Responding to the ICE raids

Trump is trying to create terror -- but the Bay Area is prepared to fight back. Here are the key resources.

The Trump Administration is going forward with plans for massive deportation raids this weekend – but the message I am getting from immigration lawyers is: Don’t panic. Know your rights.

 

Trump wants to spread fear. The raids are a terror tactic. As my friend Brian Edwards-Tiekert, KPFA Up Front host, pointed out on Facebook:

Although the raids planned for this weekend nominally target ~2,000 immigrants with outstanding deportation orders, the NYT says ICE will be detaining for deportation other undocumented immigrants they encounter on those raids. (People who registered addresses with immigration courts will probably not be at those addresses when the raids start, so this could be the bulk of the deportations.) This has the effect of putting a much larger population on edge.

The terror is the point.

The US government doesn’t have the capacity to round up and deport a meaningful fraction of the ~10 million undocumented immigrants here — so these raids are meant to inflict fear, make life harder, get people to risk their jobs by no-showing at work, self-deport, etc. The panic they inspire impacts far more people than the raids themselves.
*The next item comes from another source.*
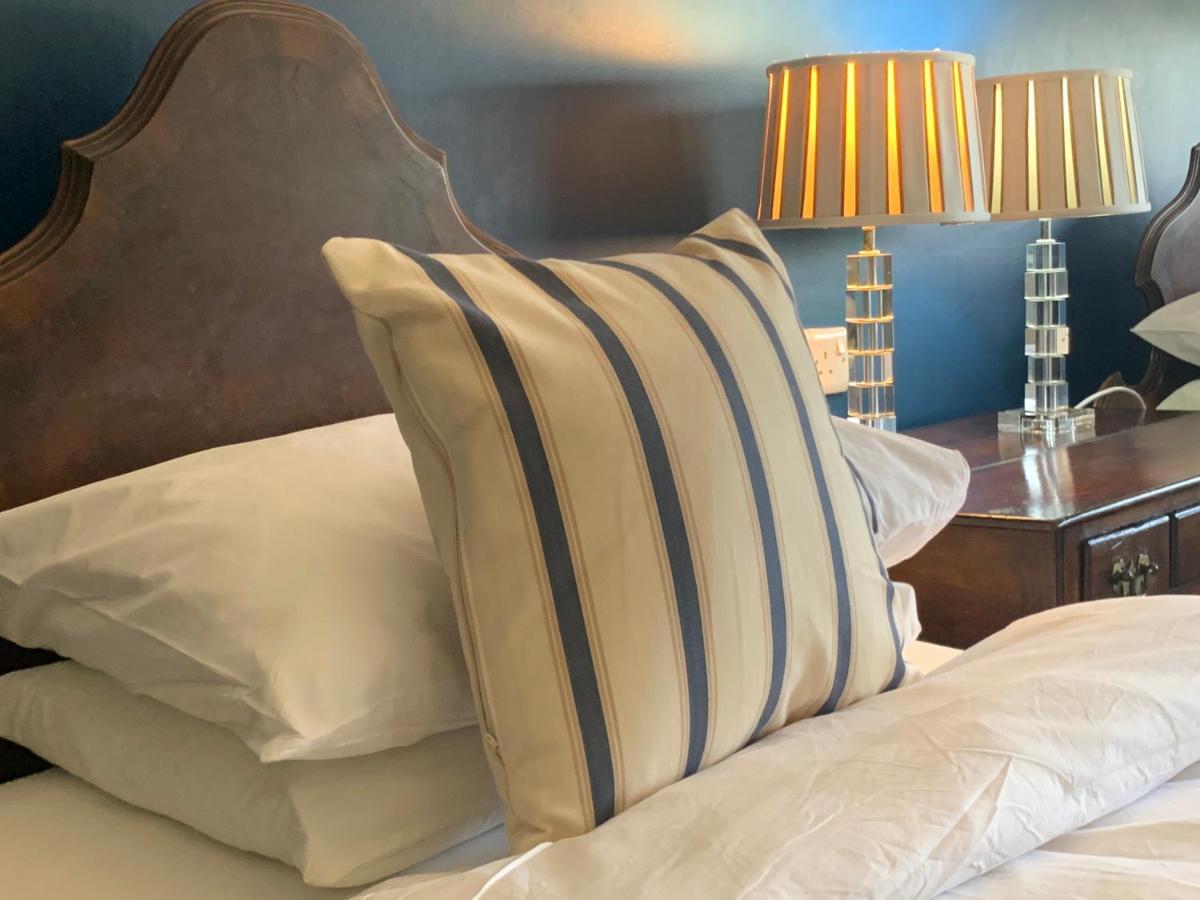 The Coast Yard B & B Chalet Hotel Selsey Eksteriør billede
Breathless re-posting of rumors and hearsay helps spread the terror. If you’re just re-posting unverified reports of raids, you’re helping keep a community panicked, and dispersing efforts to effectively respond. IF YOU WITNESS SOMETHING, it is much more important to get that information to one of the rapid-response hotlines that have been set up by immigrants’ rights groups — they confirm facts, dispatch witnesses and legal support, alert the press, etc.

There is a list of hotlines here. In San Francisco, the number is 1-415-200-1548 (San Francisco Immigrant Legal and Education Network Rapid Response Network). That’s the number to call if you are the subject of an ICE raid, if your friends or family are the subject – or if you see a raid in process.

Cisco Ugarte, who runs the Immigration Unit at the SF Public Defender’s Office, told me that the people should “not report raids unless they are verified.” Please don’t spread rumors.

He urged the community not to be frightened by Trump: “We have one of the most vibrant legal services networks in the country,” Ugarte told me. “There will be lawyers available to you, and we know how to win these cases. You can beat a raid and you can win a deportation case.”